#### Material provided ####
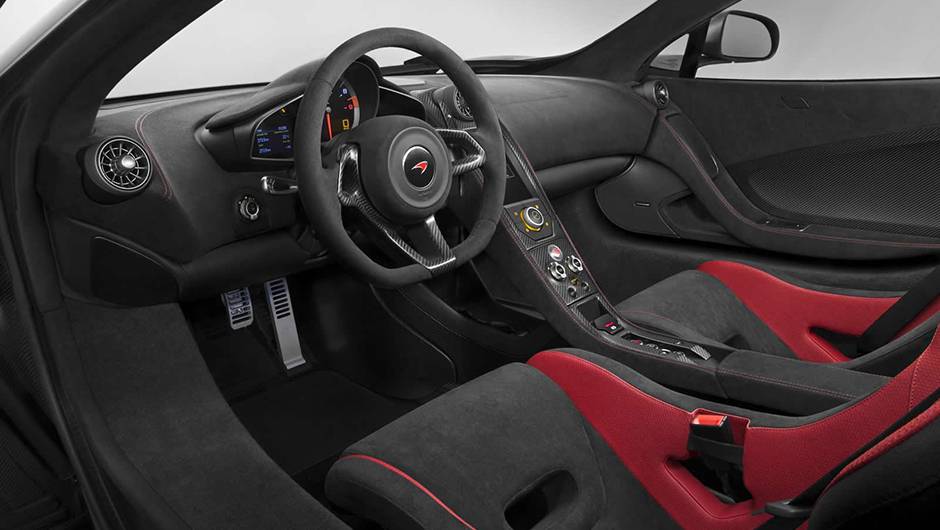 O interior tamb&eacute;m tem bancos em fibra de carbono | <a href="https://quatrorodas.abril.com.br/noticias/saloes/genebra-2015/mclaren-apresenta-675lt-840821.shtml" rel="migration">Leia mais</a>
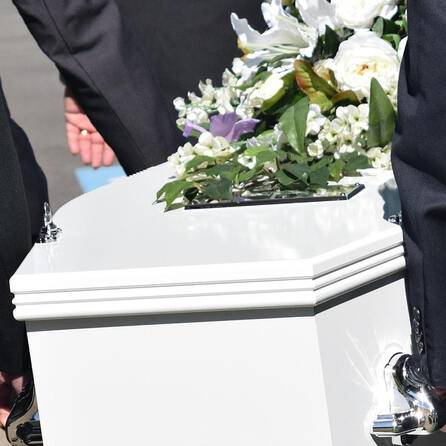 Klimademo Augsburg: Aktivisten laufen mit Sarg durch die Innenstadt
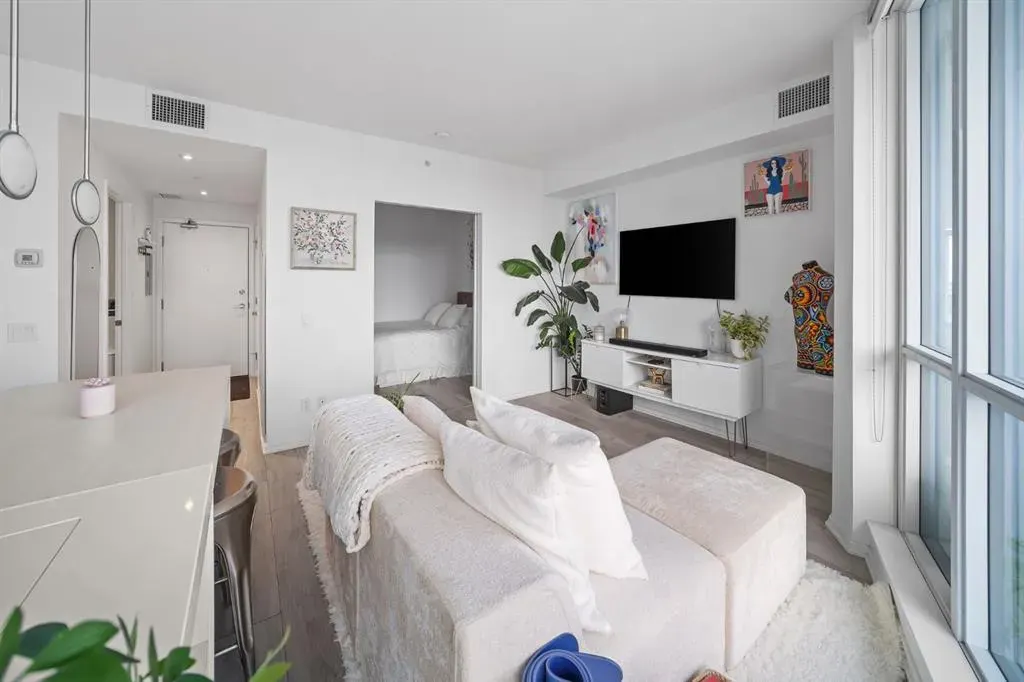 615 6 Avenue SE, #1403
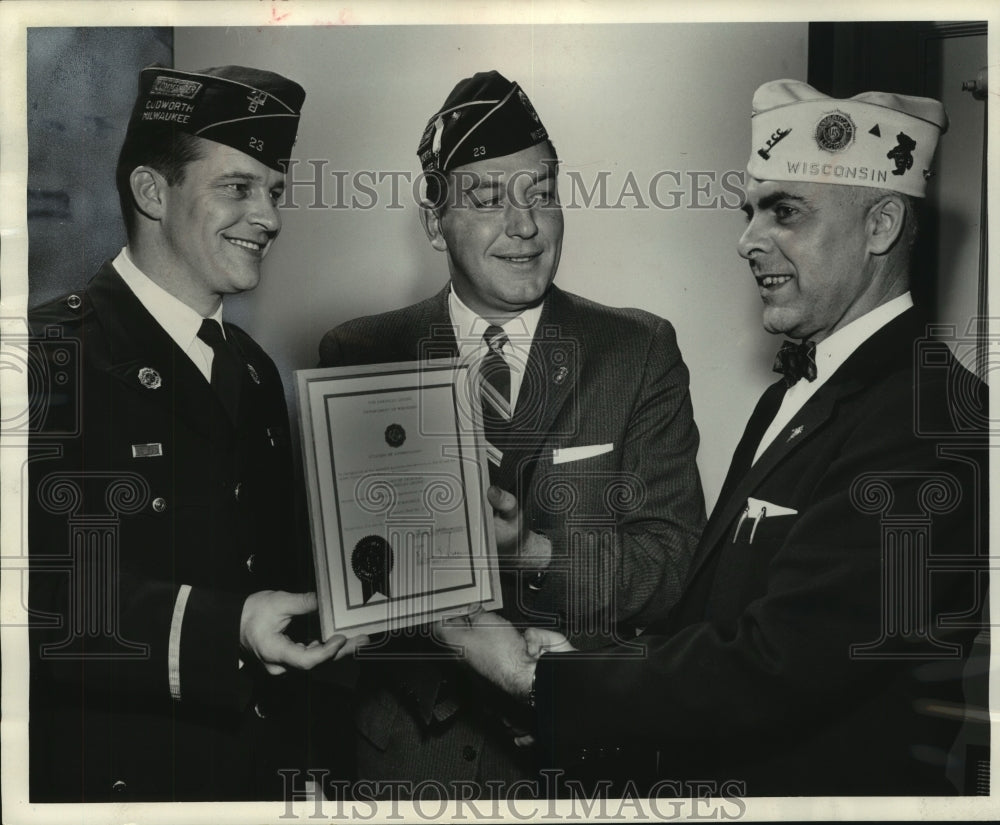 1957 Press Photo Camp American Legion Presents Bernie Strachota Award, Wisconsin - Historic Images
####
What the task requires:
Return every line of the data above exactly, and omit all pictures.

Exercise response:
 O interior tamb&eacute;m tem bancos em fibra de carbono | <a href="https://quatrorodas.abril.com.br/noticias/saloes/genebra-2015/mclaren-apresenta-675lt-840821.shtml" rel="migration">Leia mais</a>
 Klimademo Augsburg: Aktivisten laufen mit Sarg durch die Innenstadt
 615 6 Avenue SE, #1403
 1957 Press Photo Camp American Legion Presents Bernie Strachota Award, Wisconsin - Historic Images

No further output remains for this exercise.